[Crawled caption data]
Start of Block

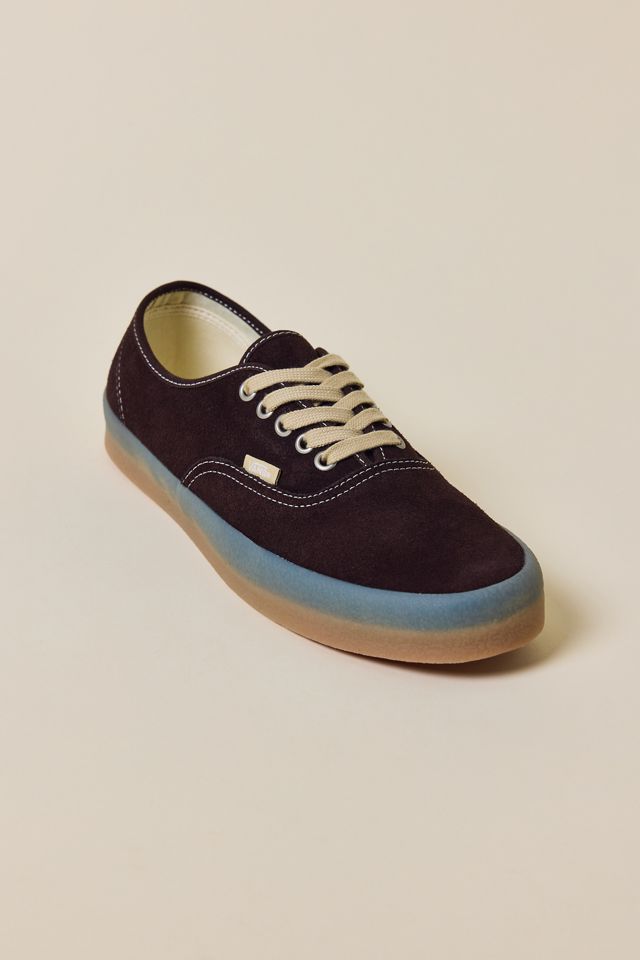 Vans Authentic Suede Sneakers #3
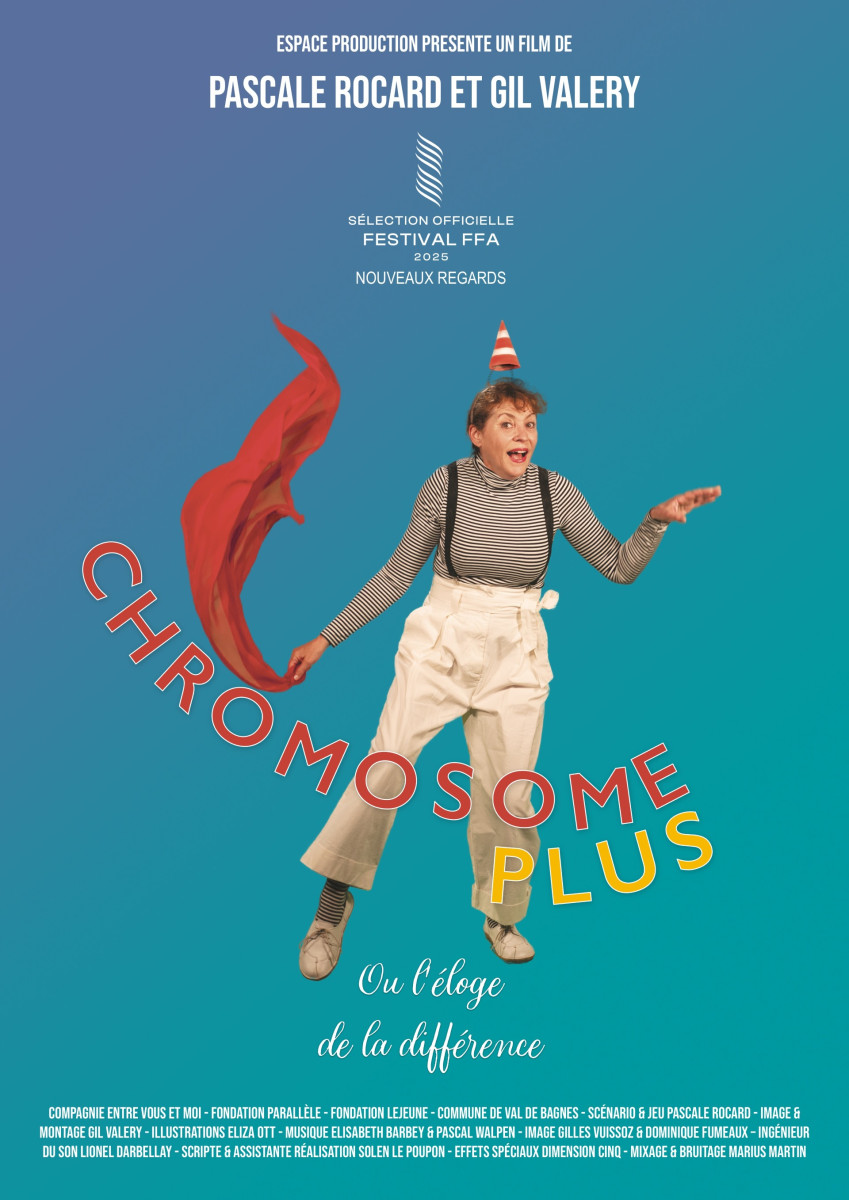 Avant-première « Chromosome Plus ou l'éloge de la différence »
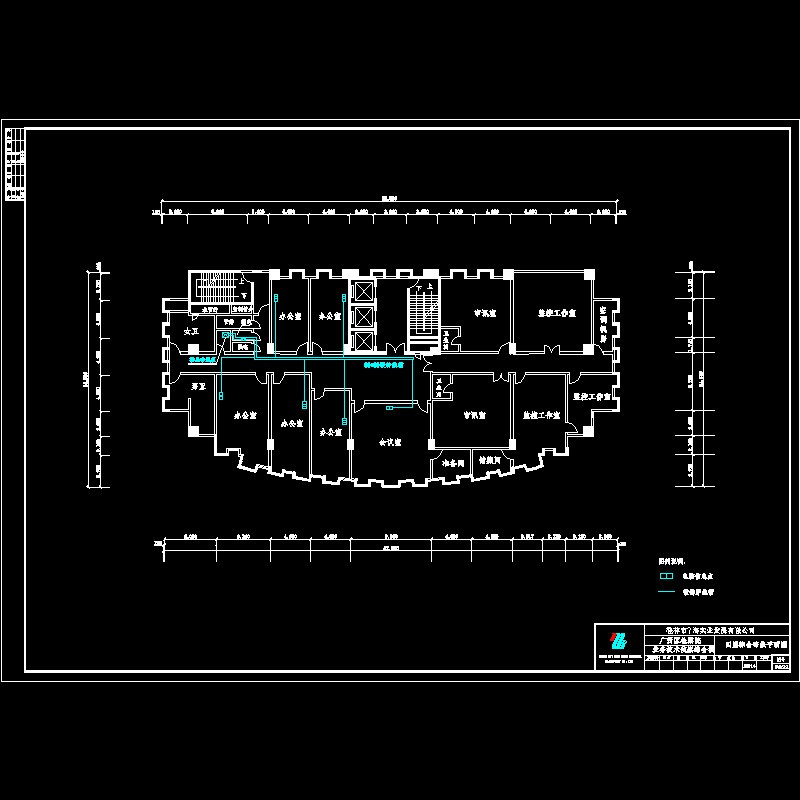 四层平面图.dwg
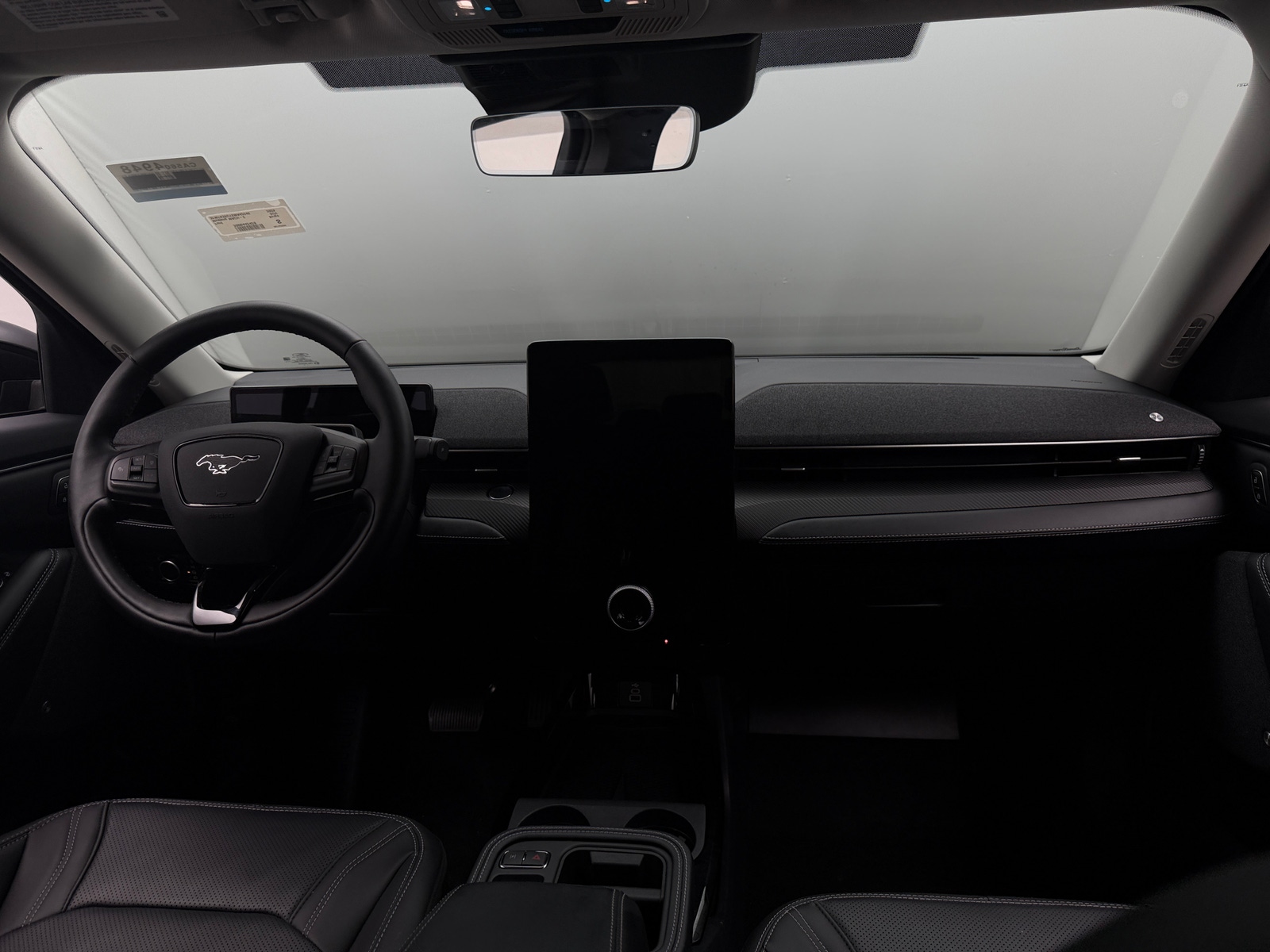 Thumbnail: 2025 Ford Mustang Mach-E - 2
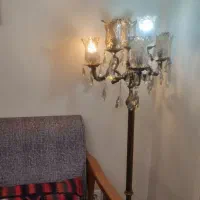 آباژر برنز|چراغ خواب و آباژور|تهران, پونک|دیوار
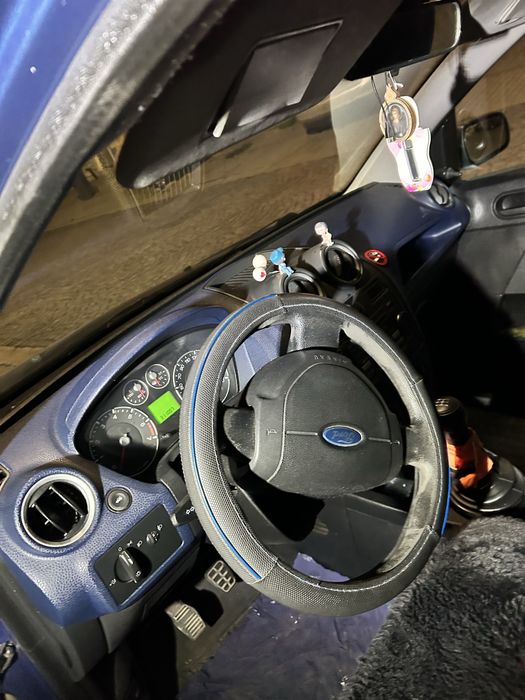 Ford fiesta 2007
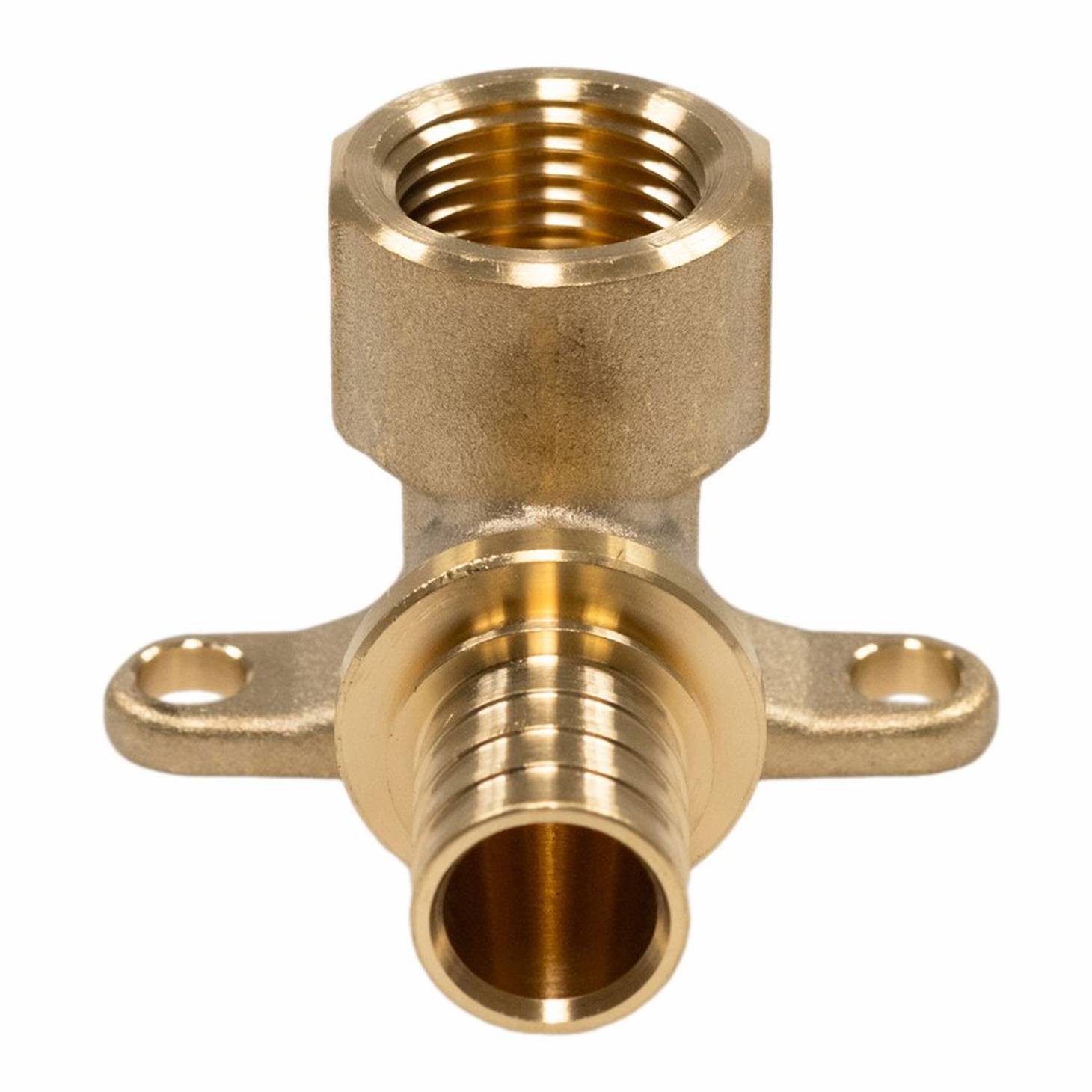 Угольник REHAU настенный с внутр. резьбой 20-Rp 1/2 MX — изображение 7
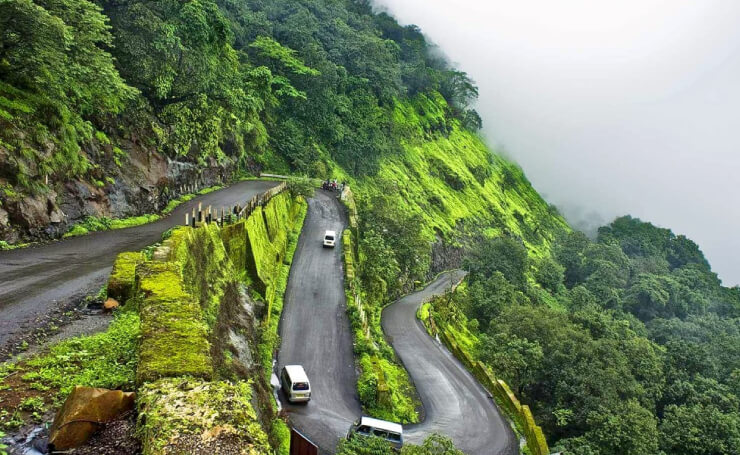 Malshej Ghat Maharashtra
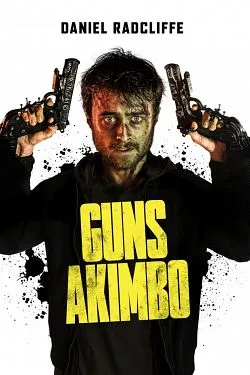 poster Guns Akimbo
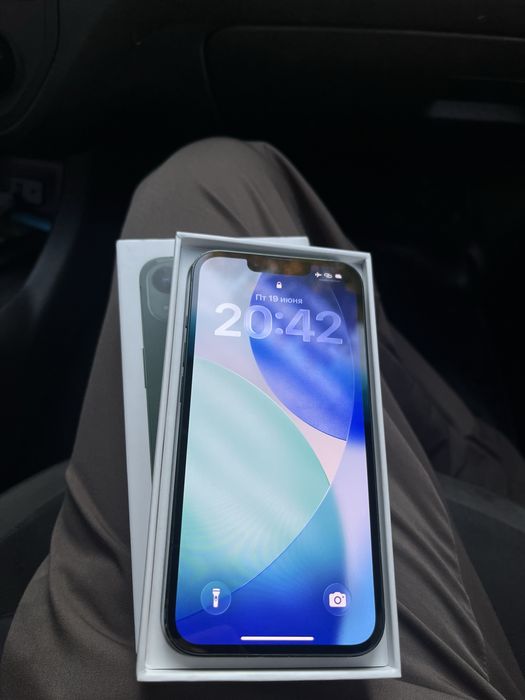 iPhone 13 128 gb Айфон 13 продаю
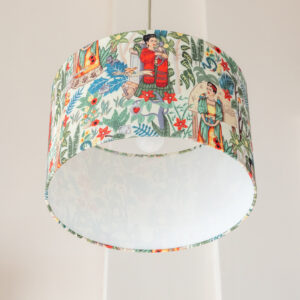 Frida Drum Lampshade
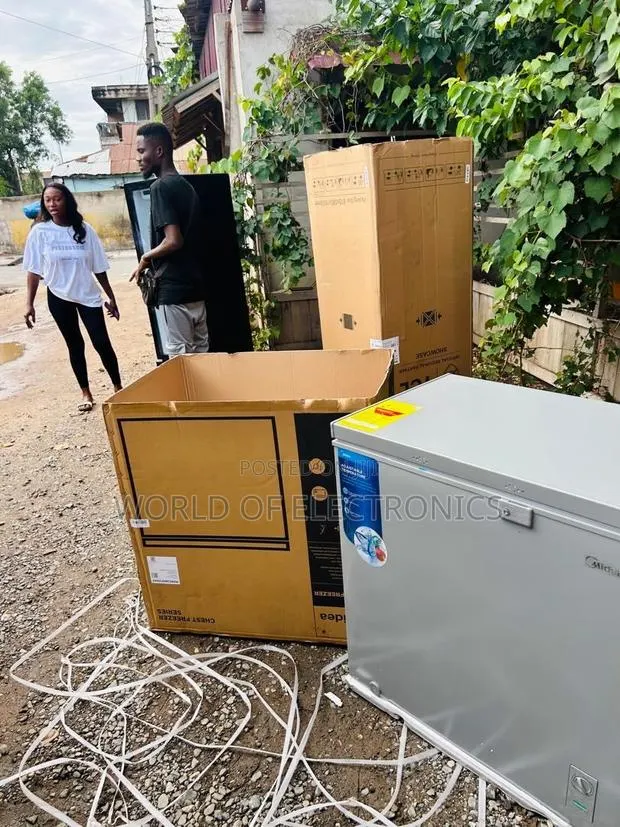 Best Buy for Less Midea 200L Inverter Chest Freezer (MDRC362FZG43D) · Photo 1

End of Block

• [TASK DETAILS]
Only the lines from the one with "iPhone 13 128 gb Айфон 13 продаю" through the final line of the entries belong in the answer, set down exactly, with both ends included and no pictures.

• [PROBLEM SOLUTION]
 iPhone 13 128 gb Айфон 13 продаю
 Frida Drum Lampshade
 Best Buy for Less Midea 200L Inverter Chest Freezer (MDRC362FZG43D) · Photo 1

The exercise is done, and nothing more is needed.